I've fancied doing Six Degrees of Separation for a long time, just never got around to it. It's hosted by Books Are My Favourite and Best and is a monthly meme.
Books can be linked in obvious ways – for example, books by the same authors, from the same era or genre, or books with similar themes or settings. Or, you may choose to link them in more personal ways: books you read on the same holiday, books given to you by a particular friend, books that remind you of a particular time in your life, or books you read for an online challenge.
A book doesn’t need to be connected to all the other books on the list, only to the ones next to them in the chain.
I decided to try and use books that I've either read or are on my to be read pile.
The chain begins this month with Daisy Jones and the Six, a book I'd neither read nor even heard of. (Good start!)

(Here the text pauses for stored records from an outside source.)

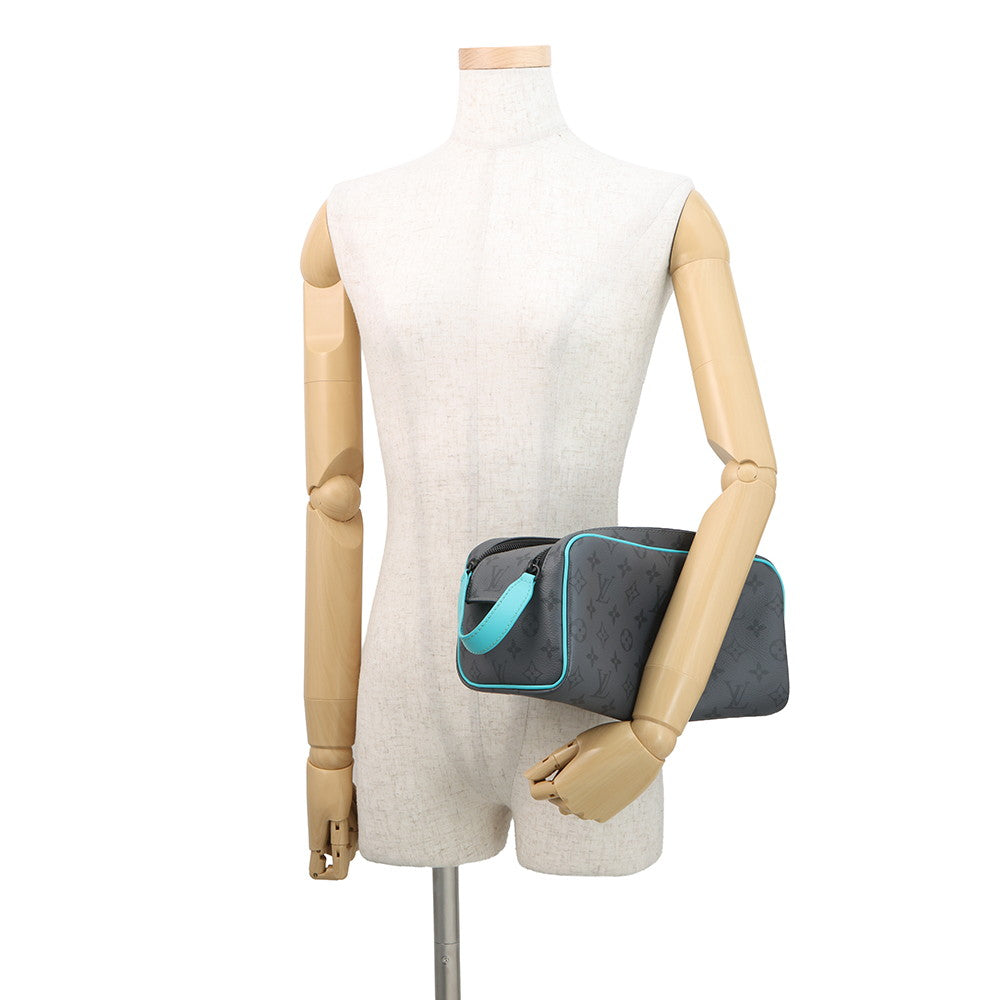 LOUIS VUITTON Dop kit Turquoise/NoirM11482 Monogram Eclipse Reverse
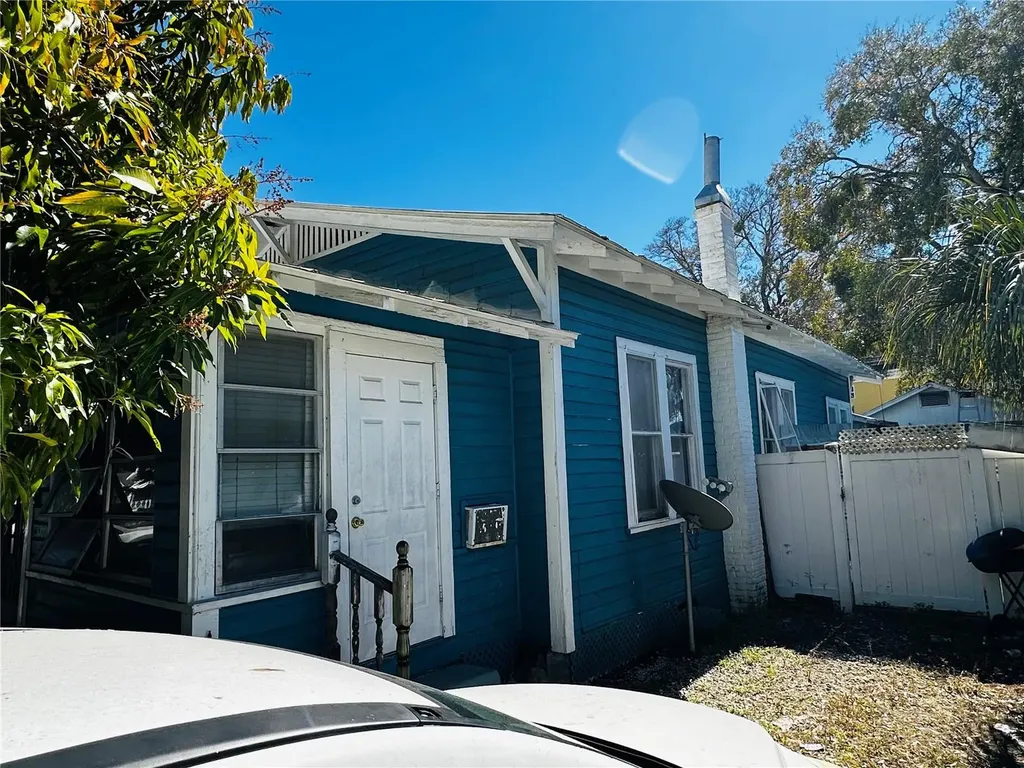 2415 Marconi Street Tampa FL 33605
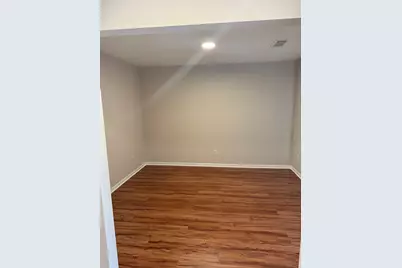 16611 Parliament Dr, South Houston, TX 77083 - Photo 10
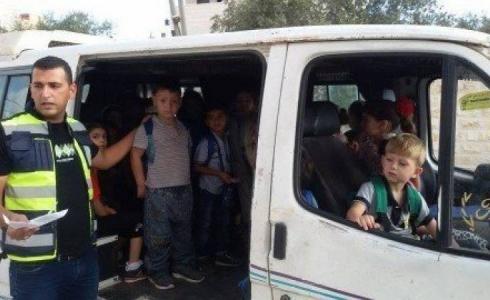 الشرطة تضبط حافلة بحمولة زائدة -أرشيفية-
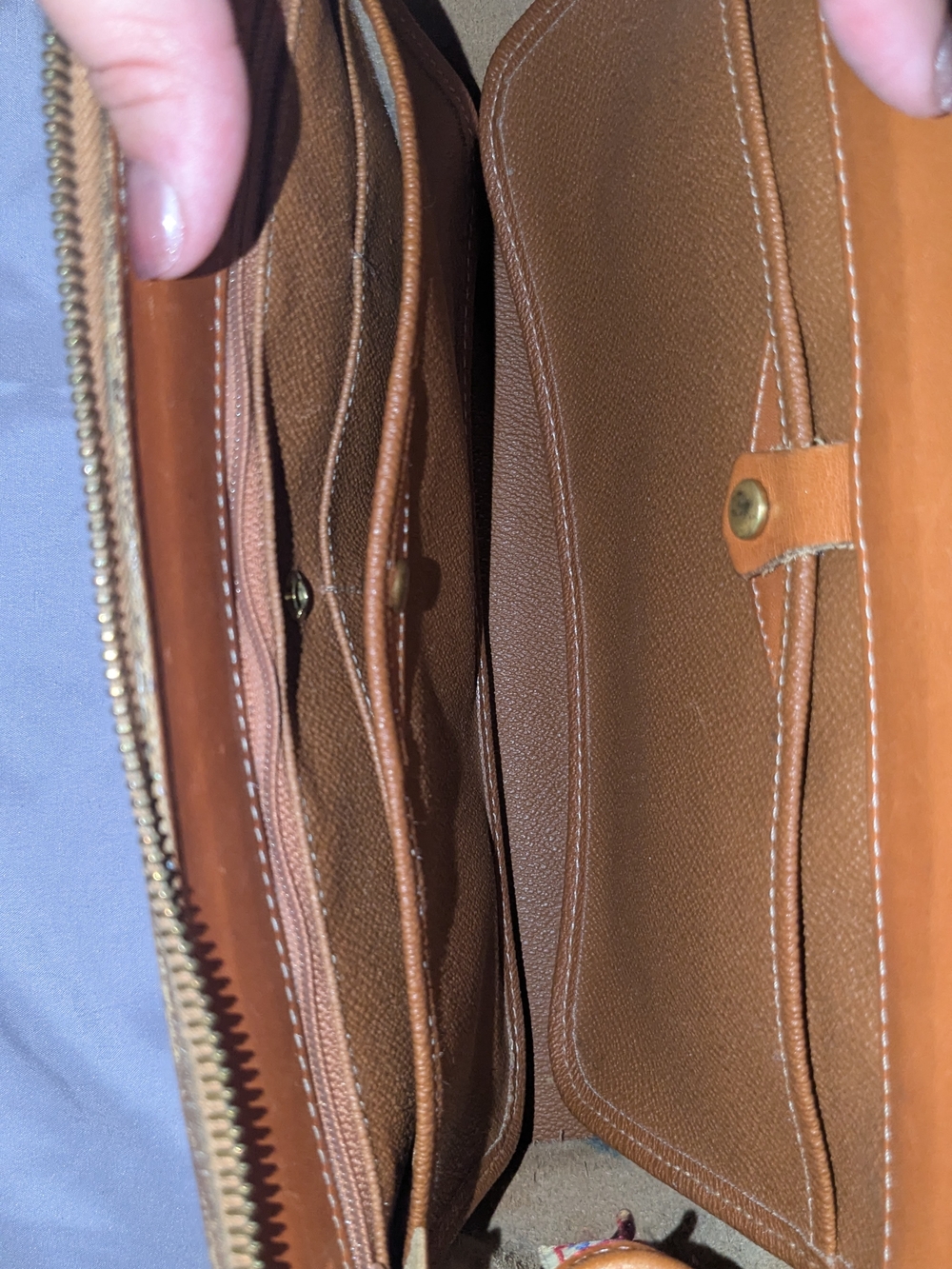 Dooney & Bourke Classic Tan Pebbled Leather Crossbody Bag - Picture 9 of 10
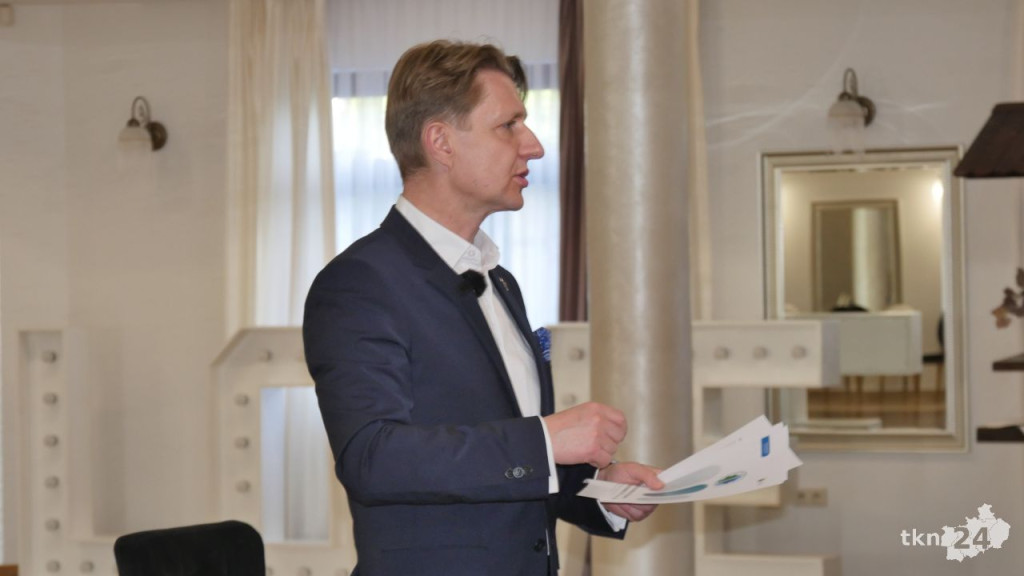 Kandydat na Prezydenta RP Artur Bartoszewicz odwiedził Końskie. Obszerna relacja ze spotkania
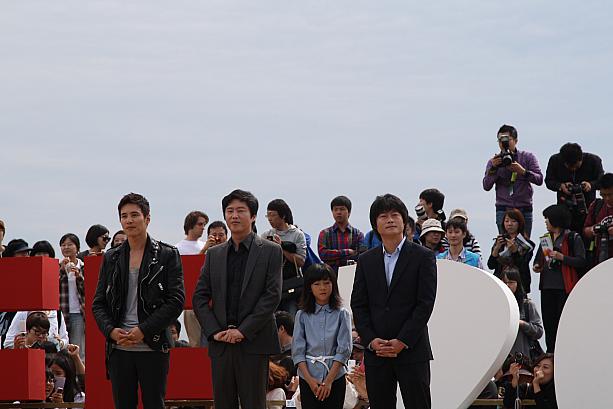 海雲台ビーチに登場したウォンビン！優しい笑顔がとっても素敵でしたよー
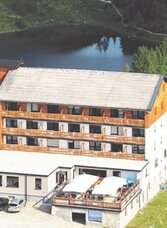 Hotel Tauplitzalm mit Großsee | © Hotel Tauplitzalm, www.tauplitzalm-holidays.at | Hotel Tauplitzalm | © Hotel Tauplitzalm, www.tauplitzalm-holidays.at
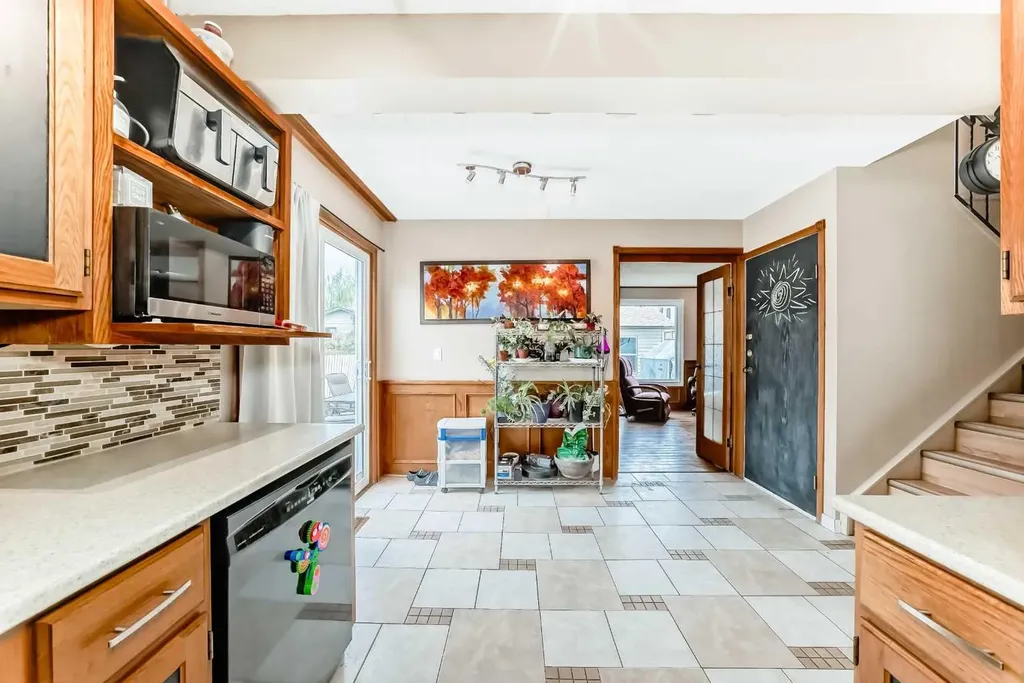 68 Woodview Court SW Calgary AB T2W 4X4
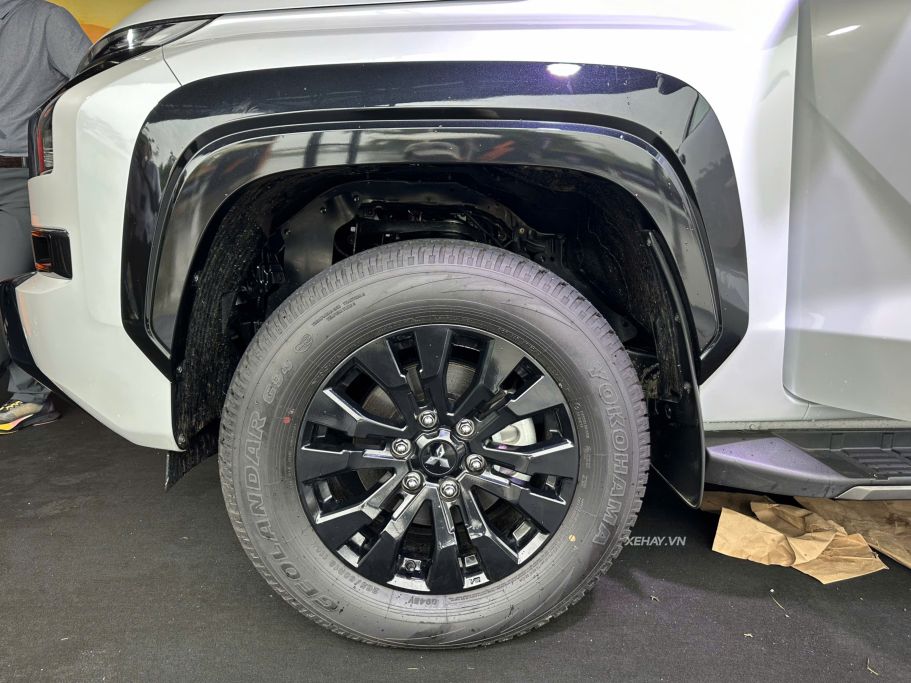 xehay_triton20ra20mat202_110924_1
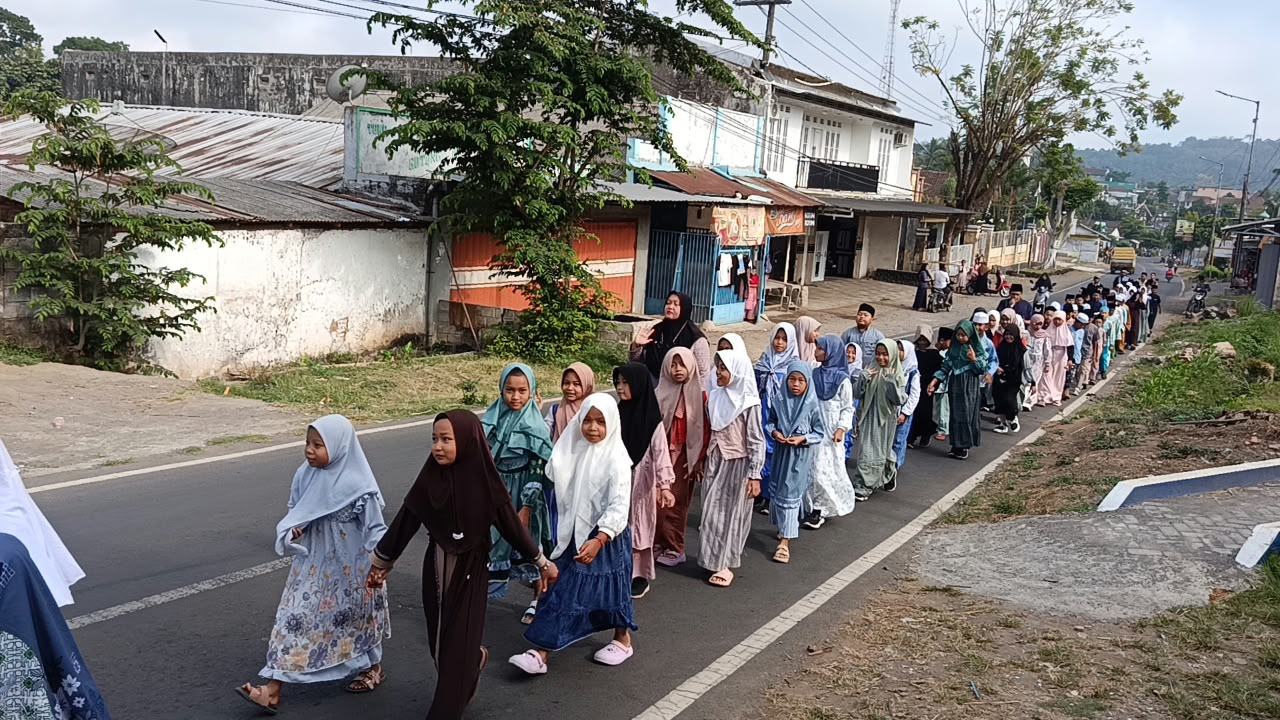 semarak-hari-santri-nasional-2026-siswa-sdn-sumberjambe-02-antusias-ikuti-kirab-santri-20261022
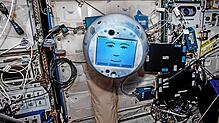 Bereit für neue Aufgaben und für neue Partner: Cimon&nbsp;2 an Bord der Internationalen Raumstation ISS.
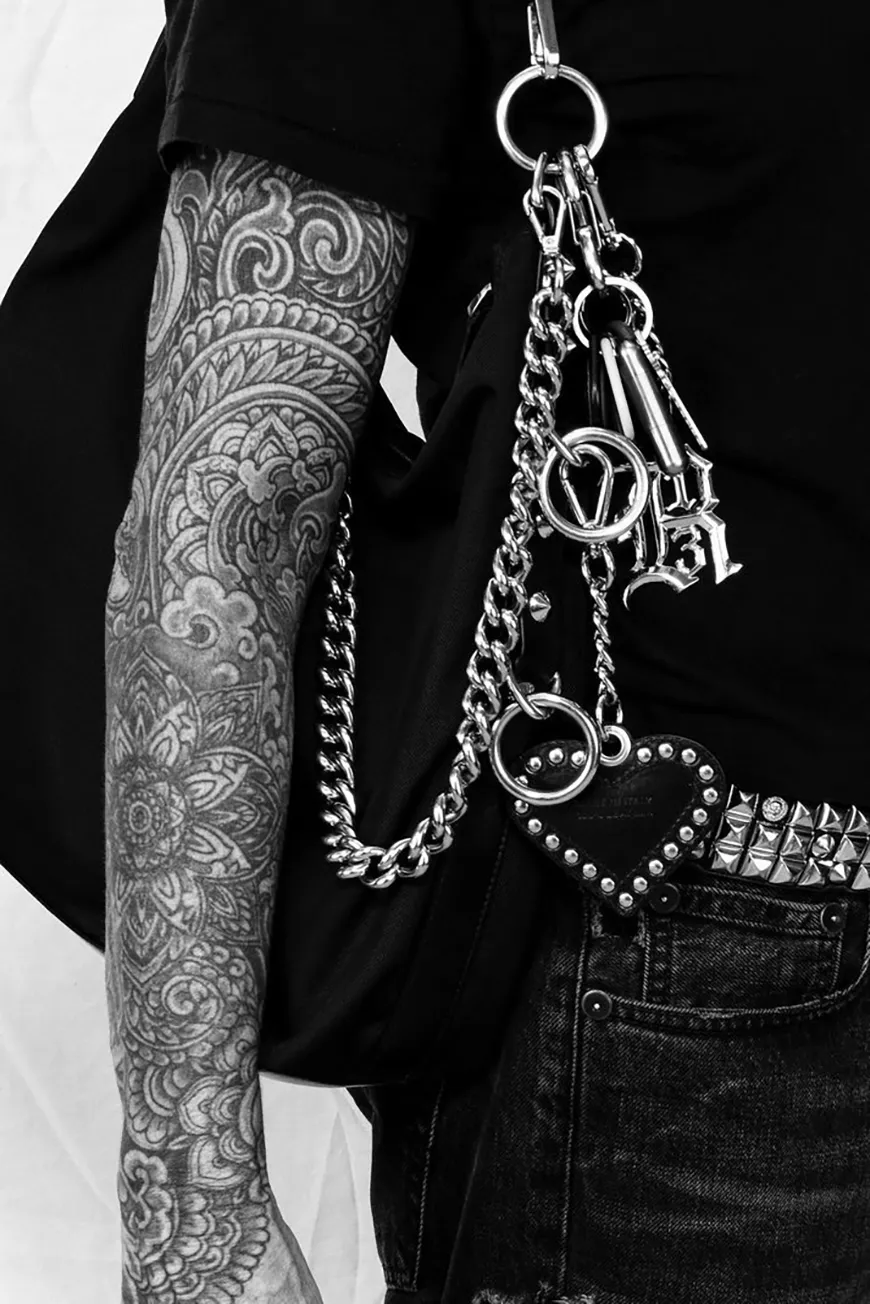 Boutique77 - מחזיק מפתחות Heart – R13WA081A082 – black-with-silver – 2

I gather it charts the rise and fall of a 1970s rock band and centres on a female songwriter connected to them, Daisy Jones. It doesn't sound like a book I'll be rushing to read but I assume young Daisy is an independently minded young woman who went her own way and so is another 'Daisy', one of my favourite characters from the crime genre, Daisy Dalrymple.
Superfluous Women is one of the best in the series as it deals with the serious subject of the two million 'superfluous' women left without any hope of marrying after the carnage of World War One. Three of these women have moved in together in this book and are unfortunate enough to find a body in their cellar. Which is also what ex-Chief Inspector Wexford has to deal with in my next book.
Wexford has retired in The Vault, and is spending quite a lot of time in London. He has his books but it's not quite enough so he walks the streets of the city every day discovering new places and eventually comes across an ex-colleague. The colleague asks him to help solve a case he's on where the remains of three bodies have been found in an underground coal-hole. Also walking the streets of London was author, Mark Mason.
In Walk the Lines the author decides to walk the entire length of the London Undergroud, or 'Tube', but not down there (because... you know... 'dangerous') above ground on the streets, taking in all of the stations. And stations are the main theme of my next book.
I haven't read Station to Station by James Attlee yet but it's on my TBR pile. The author focusses on the London to Bristol railway line and explores what lies around it... various towns, The Thames Valley, many different people with amazing stories. And ghosts. Charles 1, Oscar Wilde, Charles Dickens, Lawrence of Arabia, Diana Dors (!), the spooky list is endless apparently. And it seems the railways are very good hunting (or should that be 'haunting'?) grounds for your average ghost, which leads me to my next book.
The Ghost Now Standing on Platform One edited by Richard Peyton is one of my all-time favourite ghost anthologies. It's full of fictional ghost stories and real life experiences and is beautifully illustrated. A real gem.
Well that was fun! From the first book I moved on to murder in dark undergroud places, to strolling around London, to railway stations and thus to the ghosts that haunt them. Quite a journey! Will definitely have another go at this meme at some stage.
Next month's Six Degrees will start with Fleishman is in Trouble by Taffy Brodesser-Ackner, another book I've not heard of.